Question

\[\text{If }z=2-i\sqrt{7},\text{ then show that }3{{z}^{3}}-4{{z}^{2}}+z+88=0\]

Answer 1

Hint: First try to solve the complex number by eliminating i from it, then get a quadratic equation in z without the i term. Now, try to get the cubic equation from the quadratic equation you found. Now, substitute this quadratic equation as 0. Then you also get the cubic equation as 0. Thus, we get the required proof.

Complete step-by-step answer:
Let us consider the given complex number in the question.
\[z=2-i\sqrt{7}.....\left( i \right)\]
We need to prove the given cubic equation which is written as
\[3{{z}^{3}}-4{{z}^{2}}+z+88=0.....\left( ii \right)\]
By subtracting 2 from both the sides of the equation (i), we get,
\[z-2=2-i\sqrt{7}-2\]
By canceling the common terms, we can write the equation as
\[z-2=-i\sqrt{7}\]
By squaring both the sides of the equation, we get it as,
\[{{\left( z-2 \right)}^{2}}={{\left( -i\sqrt{7} \right)}^{2}}\]
By basic properties of the power, we get to know the relation:
\[{{\left( ab \right)}^{n}}={{a}^{n}}.{{b}^{n}}\]
By applying this to the right-hand side, we get it as,
\[{{\left( z-2 \right)}^{2}}={{i}^{2}}{{\left( \sqrt{7} \right)}^{2}}\]
By using \[{{\left( a-b \right)}^{2}}={{a}^{2}}-2ab+{{b}^{2}}\] on the left-hand side and substituting \[{{i}^{2}}=-1\] on the right-hand side, we get,
\[{{z}^{2}}-4z+4=-7\]
By adding 7 on both the sides, we get the equation in the form of,
\[{{z}^{2}}-4z+11=0....\left( iii \right)\]
By multiplying 3z on both the sides of the equation, we get,
\[3z\left( {{z}^{2}}-4z+11 \right)=0\]
By adding 88 and subtracting 88, we get the equation in the form,
\[3{{z}^{3}}-12{{z}^{2}}+33z+88-88=0\]
Now, write \[-12{{z}^{2}}\text{ as }-8{{z}^{2}}-4{{z}^{2}}\] to get the cubic equation.
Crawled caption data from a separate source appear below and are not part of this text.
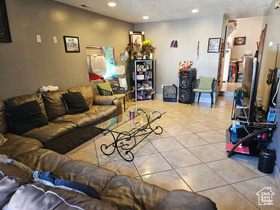 Photo 5 for 801 W Genesee Ave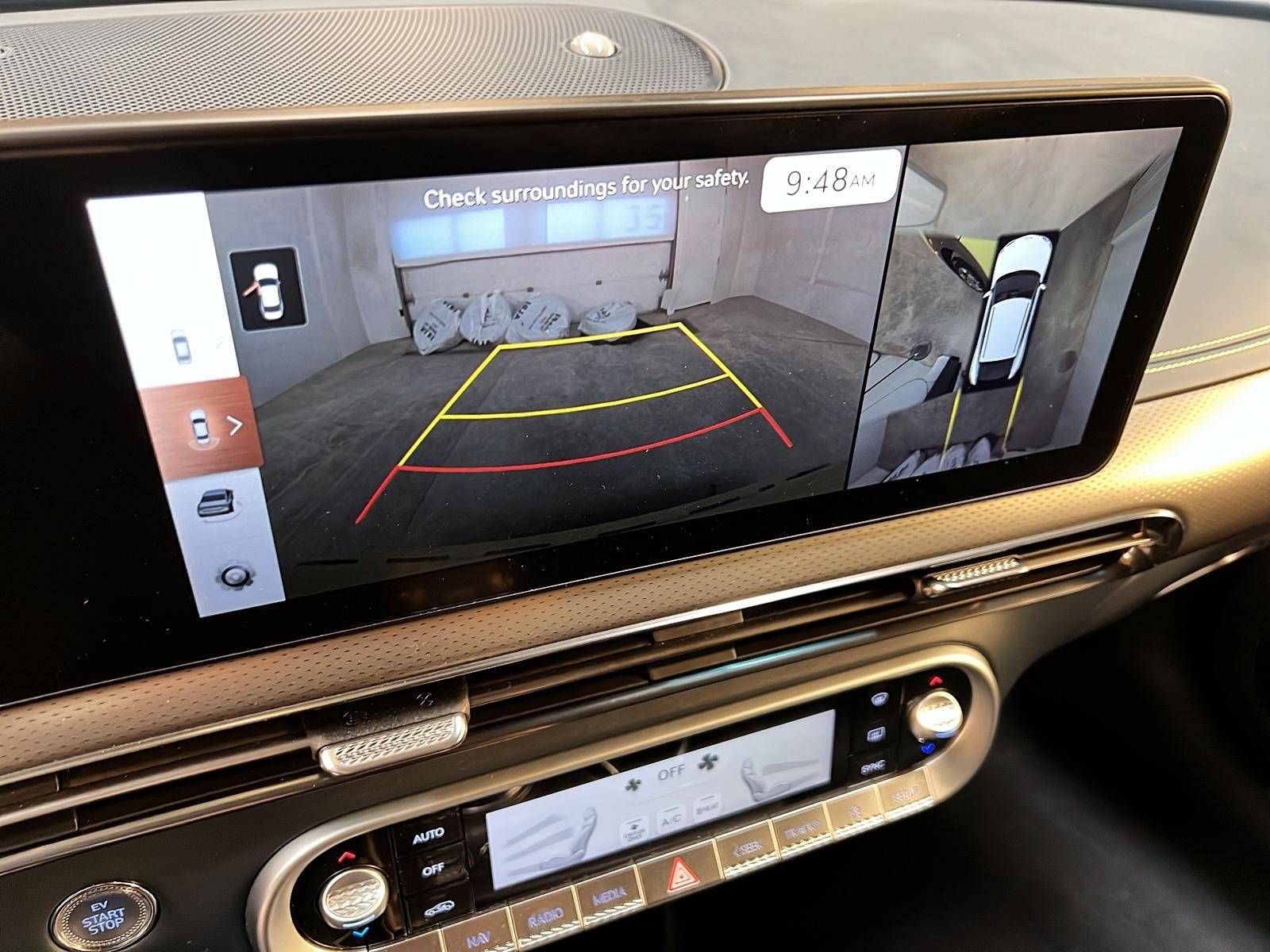 Genesis GV60 PREFORMANCE CUIR  TOIT PANO NAV 4RM 2023 - image #18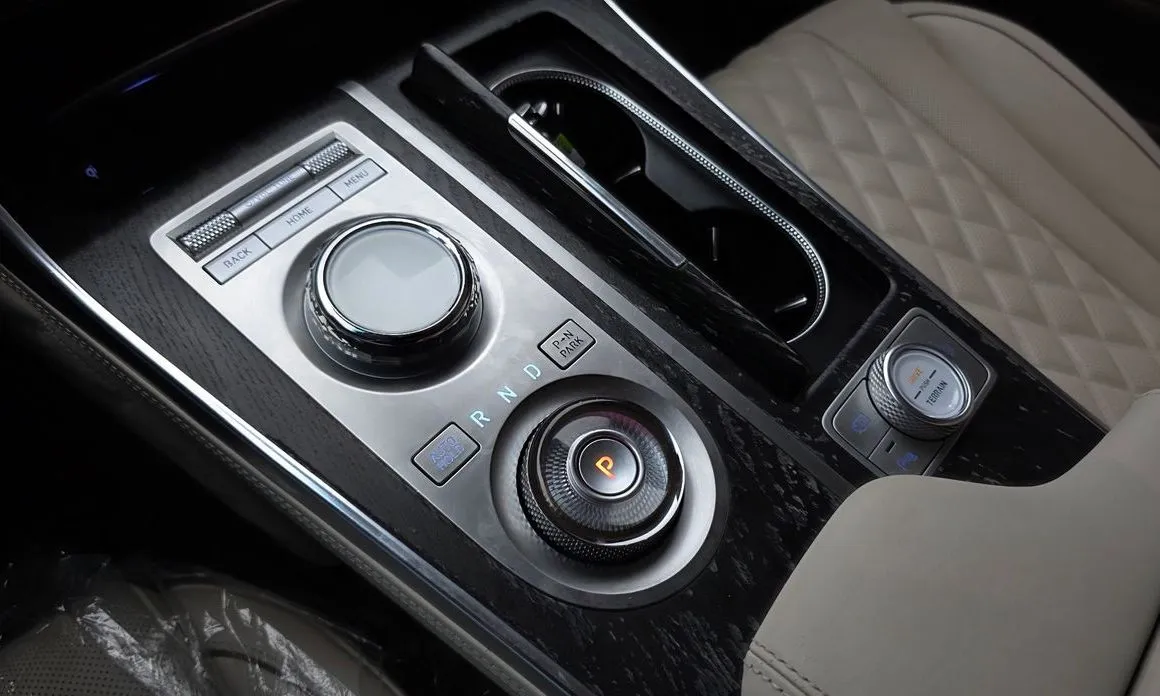 Genesis GV80 — фото 10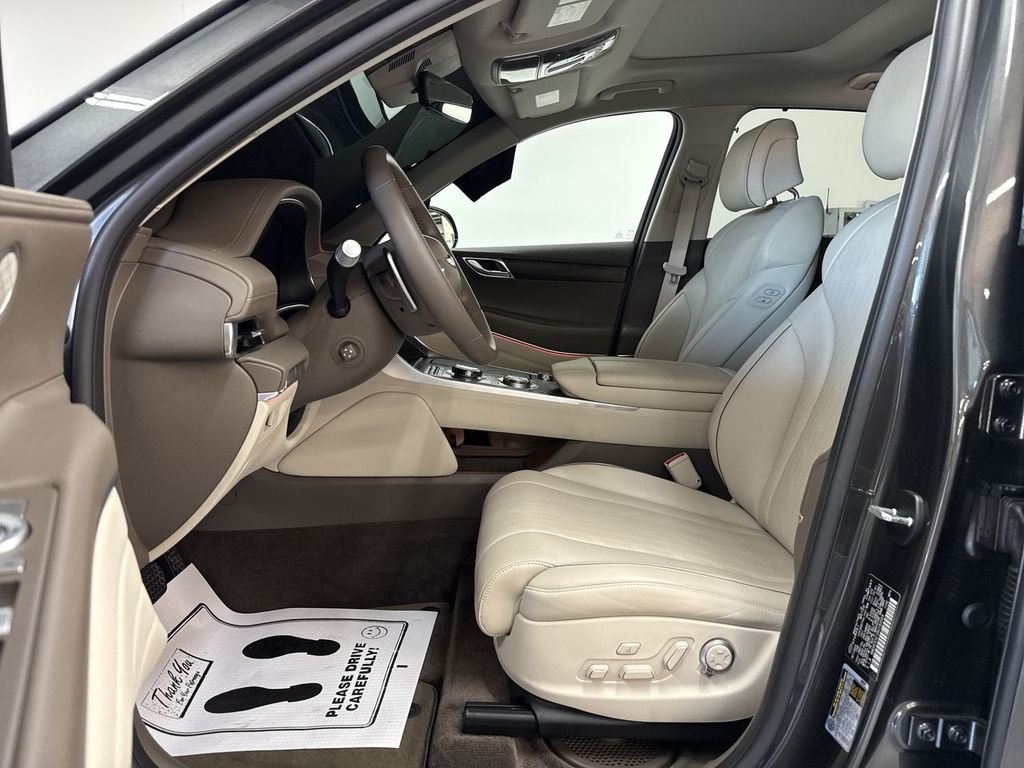 Used 2024 Gray Genesis 3.5T image 12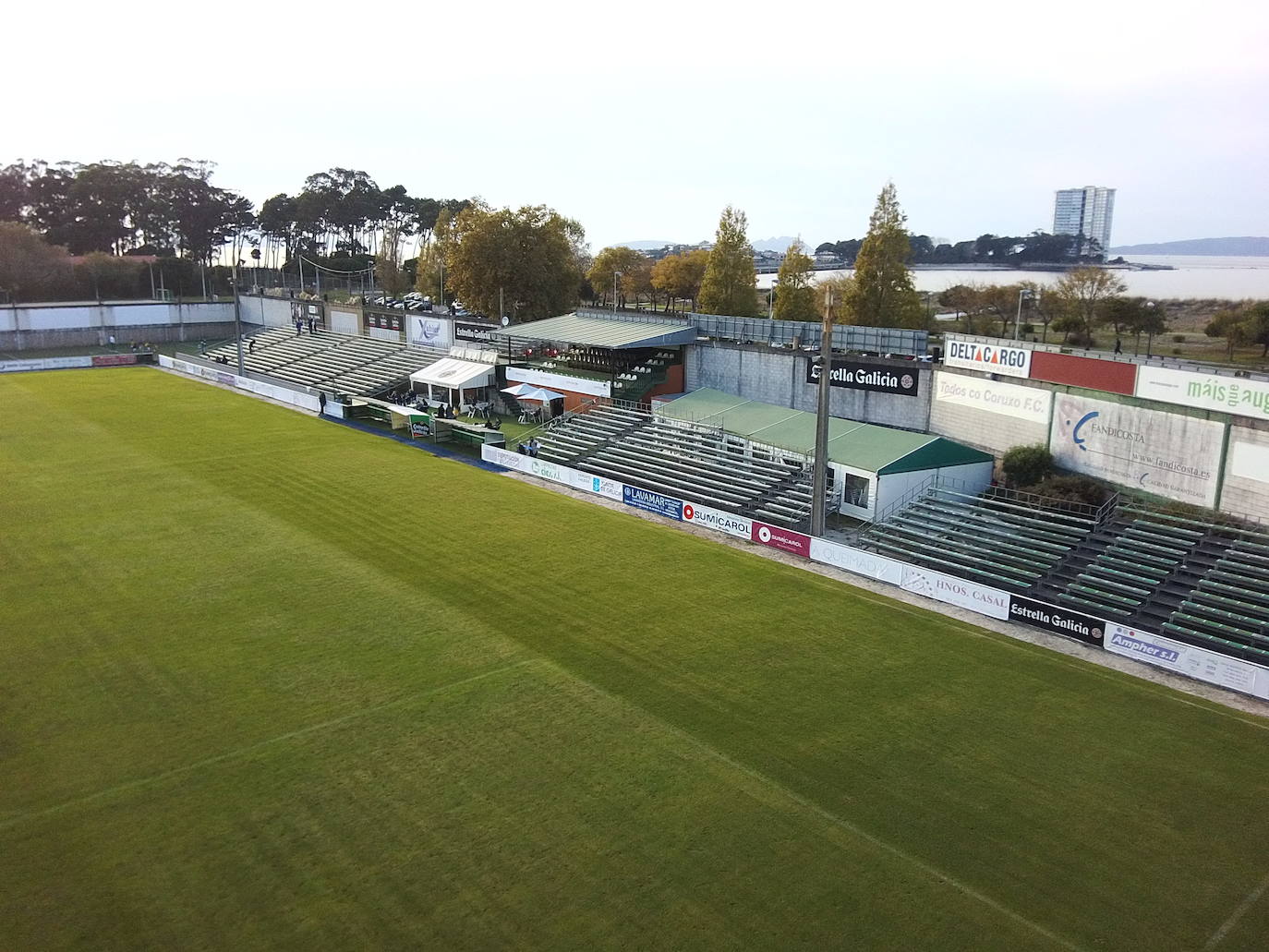 Imágenes del campo de fútbol O Vao en Coruxo, donde jugará el Málaga en la edición 20/21 de la Copa del Rey.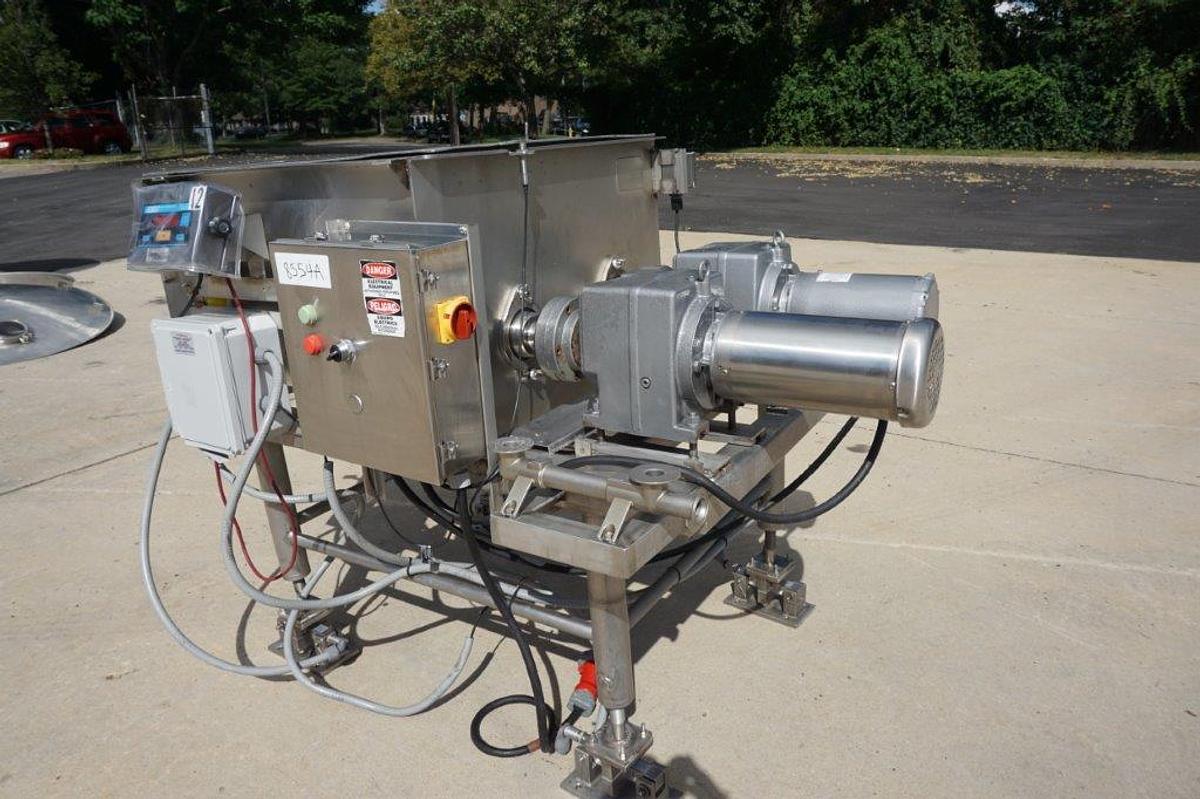 Used Rietz RS-15 Twin Shaft Screw Blender, Load Cells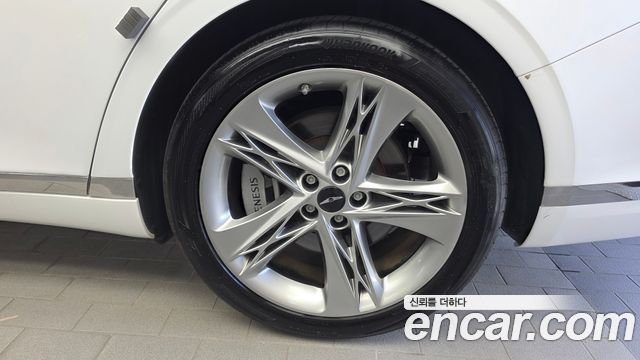 Genesis G90 (RS4) Gasoline 3.5 Turbo 2WD 2022 — фото 21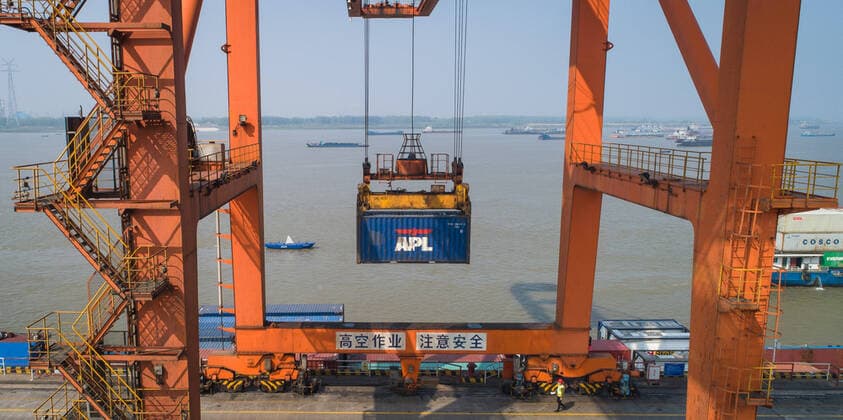 Coronavirus in China, Eindrücke vom Containerhafen in Wuhan (200412) -- WUHAN, April 12, 2020 -- A tower crane loads containers at the Yangluo Port in Wuhan, central China s Hubei Province, April 12, 2020. Wuhan, the megacity in central China, lifted outbound travel restrictions from April 8 after almost 11 weeks of lockdown to stem the spread of COVID-19. The cargos piled up at ports due to the COVID-19 pandemic have also been shipping away since the water ports in Wuhan resumed operation. ) CHINA-HUBEI-WUHAN-SHIPPING (CN) XiaoxYijiu 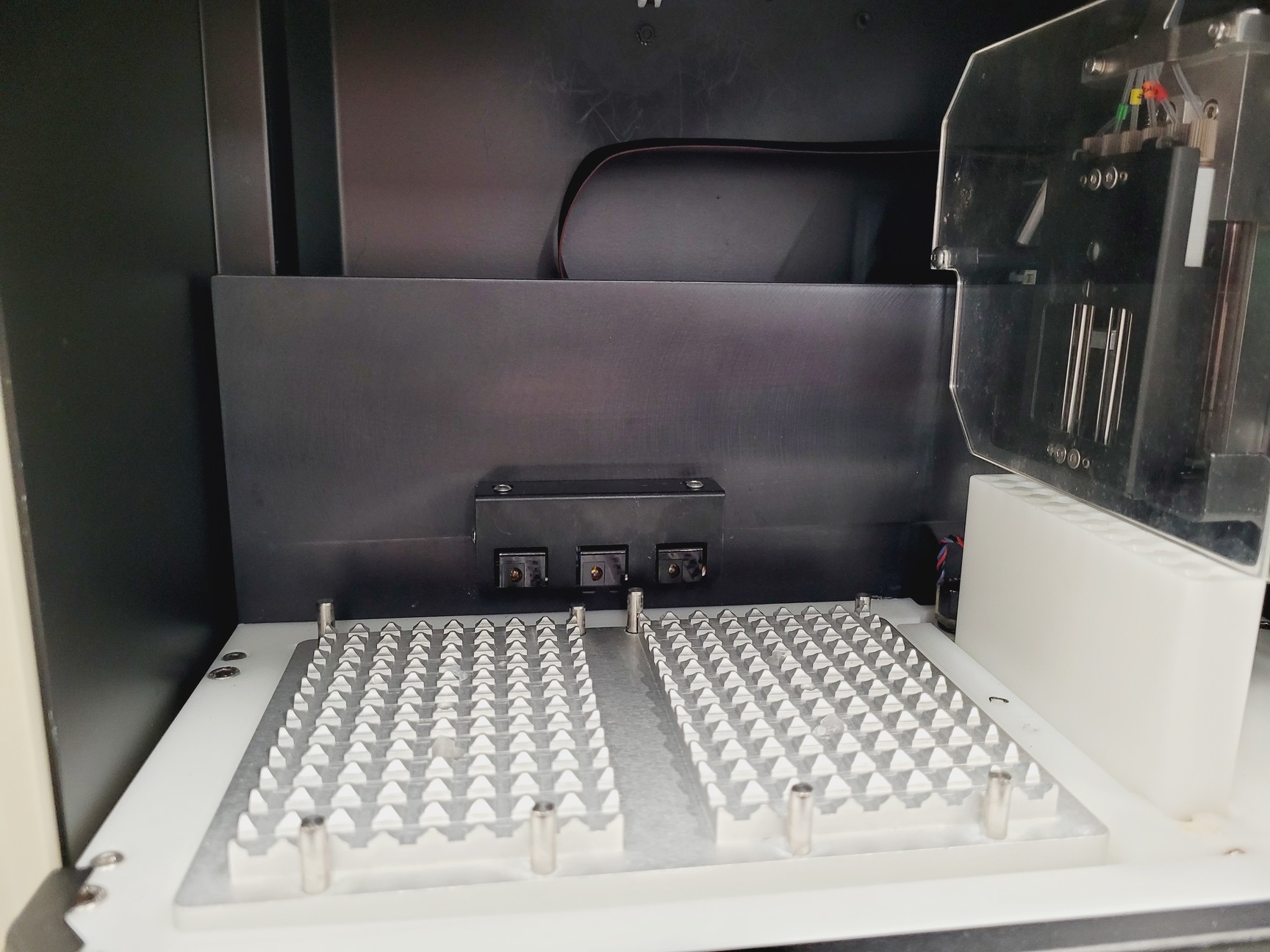 Image of Bio-Rad ProteOn XPR36 Protein Interaction Array System lab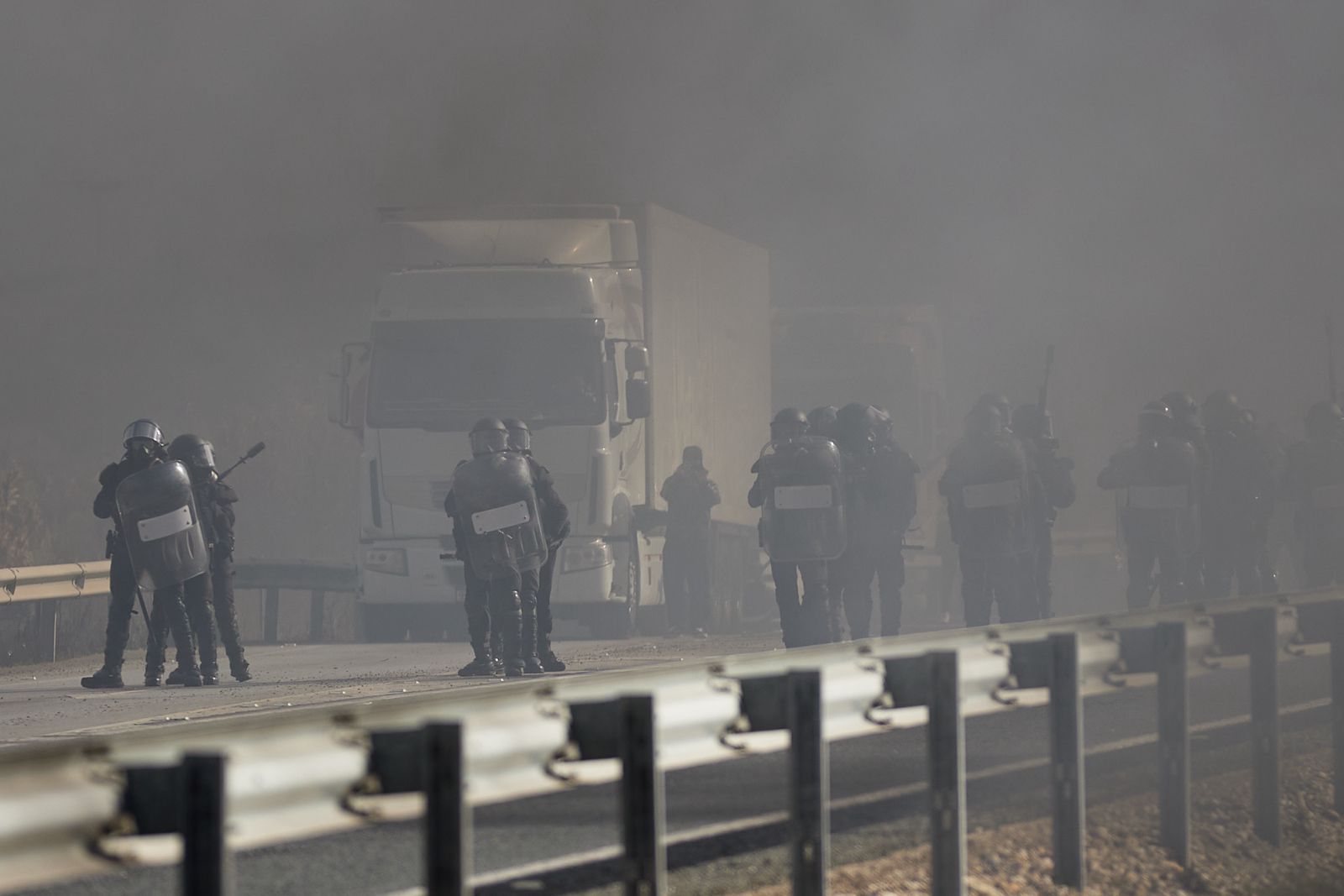 Las protestas de los agricultores de la A-92 en Huétor Tájar, en imágenes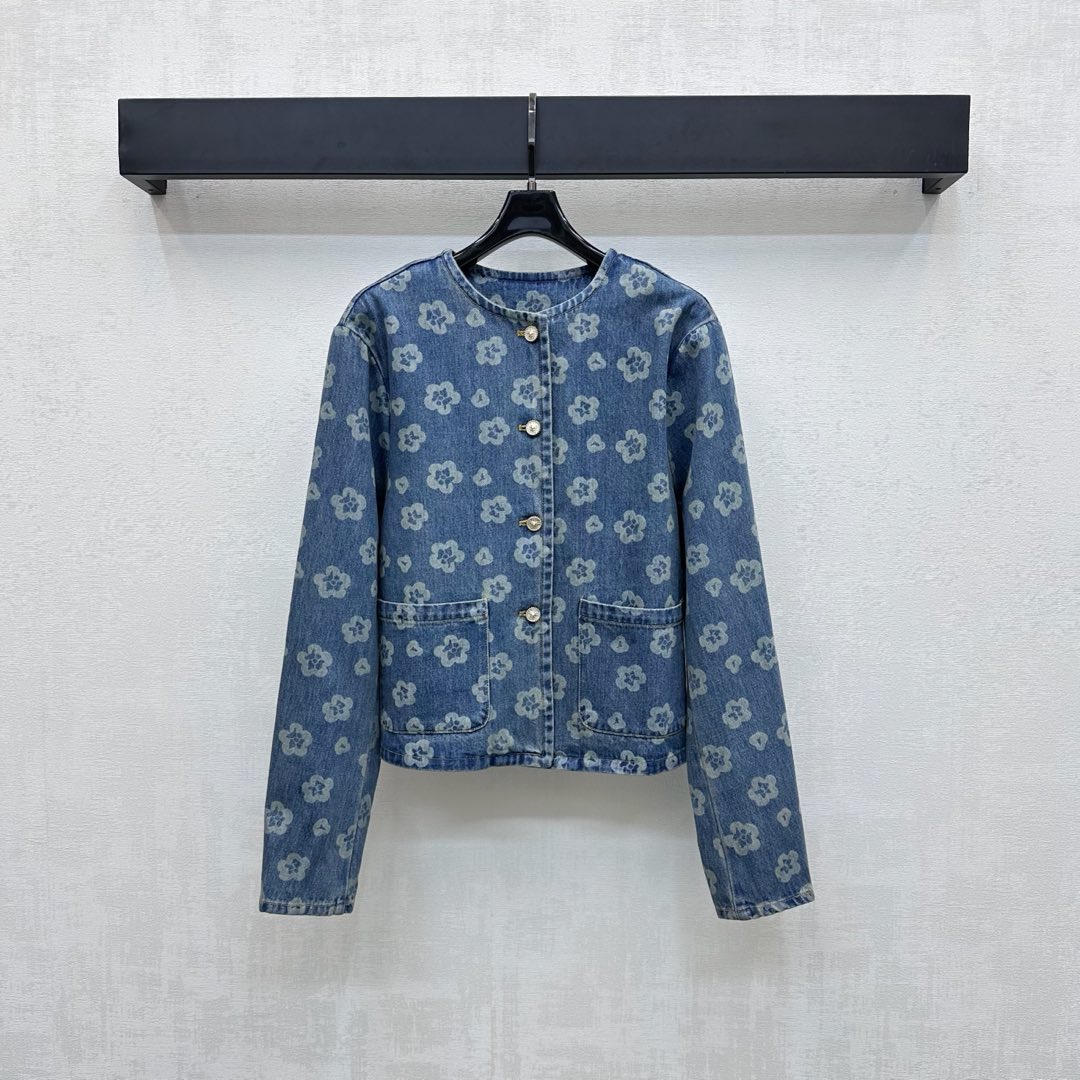 NO:450982,Chane*2025 new product is on the shelves of printed denim jackets customized YB twill cotton denim material Multi-enzyme washing made of old retro dark blue, full of camellia elements, highlighting the brand tone, single row of front closure, round buckle adjustment design, combined with symmetrical pocket style decoration, add layered look, surface auxiliary material development, round-neck jacket tailoring, can be matched with the same series of trousers and skirts, complete sets of fashionable and fashionable, can also be purchased separately, high-version 36 38 40,,chanel, skirts, jackets & coats, jackets & coats, alexander wang19860909Chane*2025新品上架印花牛仔外套定制YB斜纹棉牛仔材质 多重酵素水洗做旧复古深蓝色 通体印满山茶花元素 彰显品牌调性 前襟单排重工印刻圆扣调节设计 配合对称口袋版型装饰 增添造型层次感 面辅料开发 圆领夹克外套剪裁 可搭配同系列裤裙 成套穿搭时髦洋气 也可分开购入搭配   高版本36 38 40,,chanel,skirts,jackets & coats,jackets & coats,alexander wang,Women's clothing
We get,
\[3{{z}^{3}}-4{{z}^{2}}-8{{z}^{2}}+33z+88-88=0\]
Now write 33z as z + 32z to get the cubic equation. We get,
\[3{{z}^{3}}-4{{z}^{2}}-8{{z}^{2}}+z+32z+88-88=0\]
Now, taking the cubic equation together, we get the equation as,
\[\left( 3{{z}^{3}}-4{{z}^{2}}+z+88 \right)-8{{z}^{2}}+32z-88=0\]
By taking – 8 common from the last three terms, we get it as,
\[\left( 3{{z}^{3}}-4{{z}^{2}}+z+88 \right)-8\left( {{z}^{2}}-4z+11 \right)=0\]
By substituting the value of the quadratic equation from equation (iii), we get,
\[\left( 3{{z}^{3}}-4{{z}^{2}}+z+88 \right)-8\left( 0 \right)=0\]
By simplifying, we get the value of the cubic equation as
\[3{{z}^{3}}-4{{z}^{2}}+z+88=0\]
Hence proved.

Note: The idea is to multiply the terms, add, subtract 88 are derived to generate the given cube. This is not done by any trick but by observation only. While removing the brackets, students forget to multiply with the constant term. So, be careful at these steps as the whole answer depends on them. Also, while taking – 8 common from the last three terms, you will get + 11, in confusion students write it as – 11 and get a constant instead of 0.